• _Aim of the exercise_:
As soon as the line containing "7834 Phaedra Ln, White" appears in the material below, start returning lines exactly, and end with the line containing "Sandals Size35-40 892".

• _Data in this exercise_:
————————
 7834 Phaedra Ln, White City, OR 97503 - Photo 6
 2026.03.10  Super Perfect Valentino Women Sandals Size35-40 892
————————
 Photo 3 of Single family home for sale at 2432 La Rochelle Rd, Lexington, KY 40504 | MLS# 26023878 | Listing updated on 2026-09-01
————————
• _Written answer_:
 7834 Phaedra Ln, White City, OR 97503 - Photo 6
 2026.03.10  Super Perfect Valentino Women Sandals Size35-40 892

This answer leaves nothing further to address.